The latest salvo in the battle against those wishing to establish a Christian America happened in Starke, Florida in the northeast corner of the state. There, a marble copy of the Ten Commandments had been erected in a so-called "free speech one" outside the Bradford County courthouse. Atheist groups had fought the placement of that monument on the grounds of separation of church and state -- and went nowhere. Until someone had the bright idea of "if you can't beat 'em, join 'em." That's when the group American Atheists decided to erect their own monument, one dedicated to their own principles, Rather than to celebrate the myth of how the country's laws are supposedly based on the Ten Commandments, the new monument publicizes actual quotes from some of our founders, who held vastly different beliefs than those generally ascribed to them by our conservative brethren and sisthren:
From Ben Franklin: "“Where a religion is good, I conceive it will support itself; and when it does not support itself, and God does not take care to support it so that its professors are obliged to call for help of the civil power, ‘tis a sign, I apprehend, of its being a bad one."
John Adams: “It will never be pretended that any persons employed in that service [writing the Constitution] had interviews with the gods or were in any degree under the inspiration of Heaven."

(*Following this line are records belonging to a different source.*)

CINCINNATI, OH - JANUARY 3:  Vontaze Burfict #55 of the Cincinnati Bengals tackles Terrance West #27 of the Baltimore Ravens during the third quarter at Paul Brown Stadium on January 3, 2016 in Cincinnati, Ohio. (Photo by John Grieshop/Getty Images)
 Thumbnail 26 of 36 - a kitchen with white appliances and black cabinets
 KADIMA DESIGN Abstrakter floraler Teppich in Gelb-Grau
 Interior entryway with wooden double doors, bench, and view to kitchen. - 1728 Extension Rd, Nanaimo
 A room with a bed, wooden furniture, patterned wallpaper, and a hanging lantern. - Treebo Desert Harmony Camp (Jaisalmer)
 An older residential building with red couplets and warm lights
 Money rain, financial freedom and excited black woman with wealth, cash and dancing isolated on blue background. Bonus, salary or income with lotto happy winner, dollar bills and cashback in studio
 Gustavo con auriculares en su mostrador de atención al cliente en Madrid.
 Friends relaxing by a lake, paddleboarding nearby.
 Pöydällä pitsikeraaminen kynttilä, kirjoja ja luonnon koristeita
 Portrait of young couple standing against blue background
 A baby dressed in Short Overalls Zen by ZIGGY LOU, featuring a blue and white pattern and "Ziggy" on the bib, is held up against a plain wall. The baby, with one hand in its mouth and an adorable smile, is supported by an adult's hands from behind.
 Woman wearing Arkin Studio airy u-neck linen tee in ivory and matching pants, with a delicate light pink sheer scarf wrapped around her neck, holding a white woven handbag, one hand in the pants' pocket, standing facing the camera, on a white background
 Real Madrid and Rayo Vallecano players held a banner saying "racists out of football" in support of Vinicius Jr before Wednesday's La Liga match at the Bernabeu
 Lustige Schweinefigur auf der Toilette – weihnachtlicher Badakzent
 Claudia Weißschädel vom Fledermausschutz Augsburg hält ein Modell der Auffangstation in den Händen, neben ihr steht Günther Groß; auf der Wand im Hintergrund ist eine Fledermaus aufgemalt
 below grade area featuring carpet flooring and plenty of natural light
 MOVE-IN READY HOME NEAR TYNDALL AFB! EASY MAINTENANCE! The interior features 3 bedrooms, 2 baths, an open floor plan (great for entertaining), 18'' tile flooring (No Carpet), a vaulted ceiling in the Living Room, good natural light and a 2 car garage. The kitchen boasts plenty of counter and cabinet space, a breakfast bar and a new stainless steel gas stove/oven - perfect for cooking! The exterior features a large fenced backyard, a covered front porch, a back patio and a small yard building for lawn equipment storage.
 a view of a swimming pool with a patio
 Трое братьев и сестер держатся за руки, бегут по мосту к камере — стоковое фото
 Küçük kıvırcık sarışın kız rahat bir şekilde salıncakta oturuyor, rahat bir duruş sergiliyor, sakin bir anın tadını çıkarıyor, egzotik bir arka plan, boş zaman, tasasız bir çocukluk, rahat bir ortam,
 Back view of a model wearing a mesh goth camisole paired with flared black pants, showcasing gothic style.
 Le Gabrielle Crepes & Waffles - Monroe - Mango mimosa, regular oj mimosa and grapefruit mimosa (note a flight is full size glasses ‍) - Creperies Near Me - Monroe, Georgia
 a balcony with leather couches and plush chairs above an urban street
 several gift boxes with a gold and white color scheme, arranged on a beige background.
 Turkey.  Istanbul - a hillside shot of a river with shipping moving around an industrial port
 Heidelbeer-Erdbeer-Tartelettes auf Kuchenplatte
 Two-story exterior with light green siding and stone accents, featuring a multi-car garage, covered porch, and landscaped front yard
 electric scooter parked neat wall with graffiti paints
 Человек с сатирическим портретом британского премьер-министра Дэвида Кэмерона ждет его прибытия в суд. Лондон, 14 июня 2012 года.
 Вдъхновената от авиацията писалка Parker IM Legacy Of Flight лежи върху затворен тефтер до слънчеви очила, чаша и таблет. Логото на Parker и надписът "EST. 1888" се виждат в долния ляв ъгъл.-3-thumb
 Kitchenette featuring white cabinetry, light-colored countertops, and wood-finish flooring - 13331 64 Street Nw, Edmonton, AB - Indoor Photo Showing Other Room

From the Treaty of Tripoli: "The government of the United States of America is not in any sense founded on the Christian religion."
Tom Jefferson: “Question with boldness even the existence of a god; because, if there be one, he must more approve the homage of reason, than that of blindfolded fear.”
While each of these worthies had more complicated relationships with religion than the quotes might suggest, it's nice to see some of their actual words in public.
One of item of note: one of the local people commenting about the monument just about gave away his side's intentions when interviewed. "Christians are praying...that these folks will realize that eternity is too long to be wrong." Ooh. Wrong approach! Shouldn't let the heathen think that we are pushing the Ten Commandments a religious symbol!!
Anyway.
While I do fault atheists for denigrating a paper tiger theism -- one that is simple-minded, fundamentalist, anti-science and anti-people -- I celebrate that the battle has finally been joined. America must remain a place where all religions are welcome and no religion gets a free ride. The only way to protect all religion is to give none the upper hand. So while I disagree with their world view, I love what they are trying to accomplish by confront the way some Christians have tried to force their views on others. And so I say...
You go atheists! Push 'em back! Push 'em back! Push 'em WAAAAAAYYYY back!